30 de setembro de 2020

  O rio São Francisco é tão importante, tão imprescindível e tão fundamental à economia, à História e à cultura brasileira que ele tem duas nascentes oficiais. Este é um fato que veio a público pela primeira vez em abril de 2004, pela própria Folha do Meio Ambiente, na sua edição 146. Vale lembrar rapidamente… Ver artigo

 

O rio São Francisco é tão importante, tão imprescindível e tão fundamental à economia, à História e à cultura brasileira que ele tem duas nascentes oficiais. Este é um fato que veio a público pela primeira vez em abril de 2004, pela própria Folha do Meio Ambiente, na sua edição 146. Vale lembrar rapidamente o porquê e como isso aconteceu.
 
 
HISTORICAMENTE, a nascente do rio São Francisco está na Serra da Canastra, Cachoeira Casca d’Anta, no município de São Roque de Minas. Mas aí começa a controvérsia. Em abril de 2004, num furo de reportagem, a Folha do Meio Ambiente publicou um estudo inédito de técnicos da Codevasf sobre a verdadeira nascente do rio São Francisco.
 
GEOGRAFICAMENTE, pelos estudos técnicos a nascente verdadeira do rio São Francisco está no Planalto de Araxá, município de Medeiros. Levantamentos por imagens de satélite, cartografia adequada, visita às nascentes e utilização de GPS geodésico realizados pelos técnicos da Codevasf atestaram o rio Samburá como parte da bacia hidrográfica do São Francisco, configurando-se como um rio principal e não um afluente. 
 
Para não melindrar a cultura, a geografia e as conveniências políticas, houve uma decisão tão salomônica quanto mineira: O rio São Francisco tem duas nascentes. Uma Histórica e outra Geográfica.
 
 
 
 
EDIÇÃO 146, DE ABRIL DE 2004.
 
A César o que é de César, a Deus o que é de Deus e a São Francisco o que é do São Francisco. Sobretudo, a correta certidão de nascimento.

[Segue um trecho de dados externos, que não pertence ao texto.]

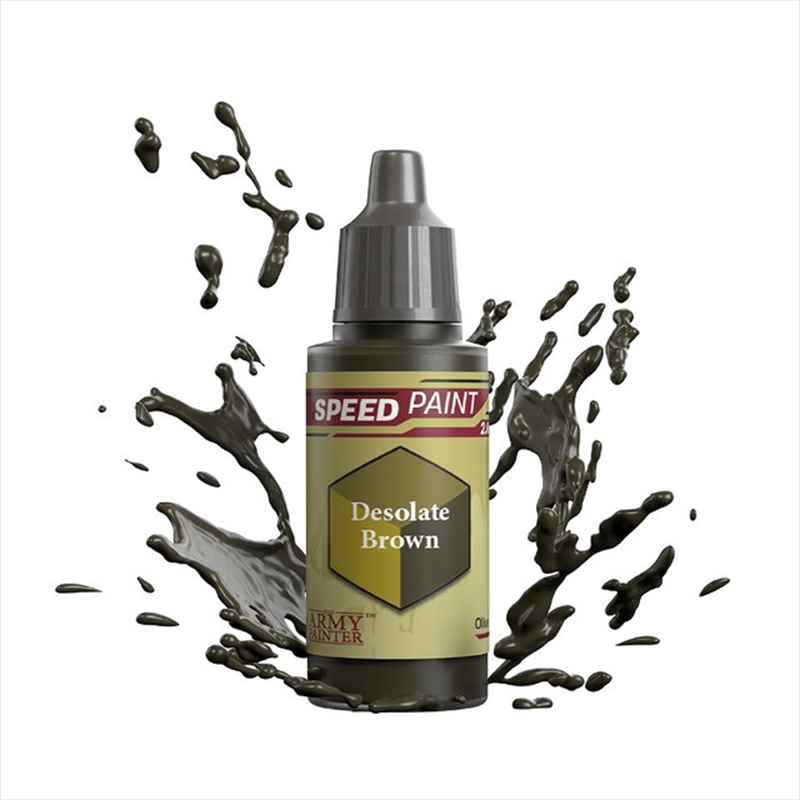 Army Painter - Speedpaint 2.0 - Desolate Brown 18ml/Product Detail/Paints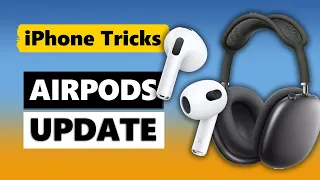 AirPods Update behebt Fehler & Bugs (Version 4E71)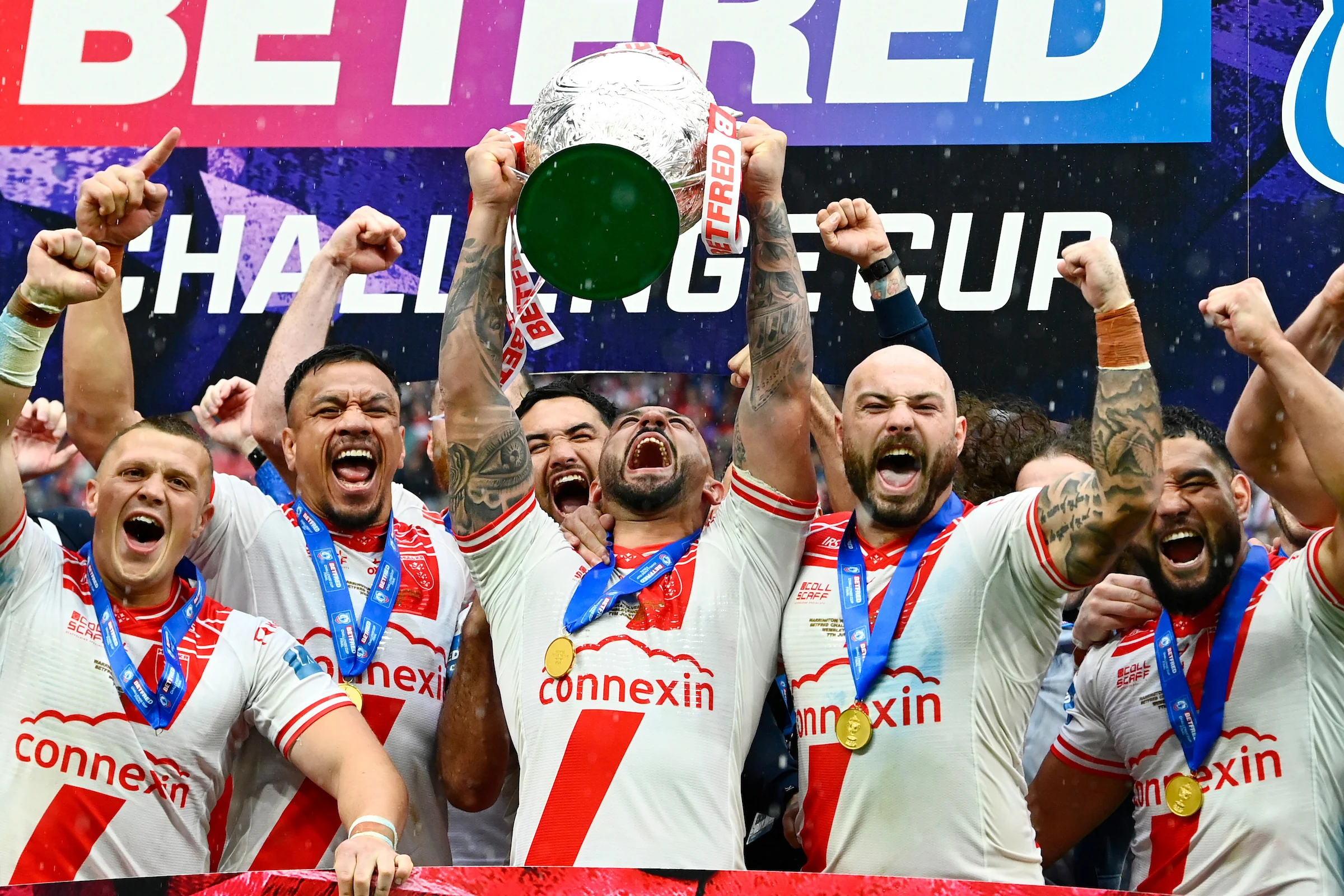 Wear the Red and White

Como se vai revitalizar um rio se mal se sabe seu tamanho? Nem onde nasce? Essa é a questão colocada na reportagem que anunciou o resultado do relatório final de uma equipe técnica da Codevasf, coordenada pelo engenheiro agrônomo Geraldo Gentil Vieira. Equipe de trabalho da Codevasf era formada por: Geraldo Gentil Vieira (eng. agrônomo), Leonaldo Silva de Carvalho (agrimensor), Miguel Farinasso (eng. agrônomo), Paulo Afonso Silva (eng. civil) e Rosemery José Carlos (geógrafa).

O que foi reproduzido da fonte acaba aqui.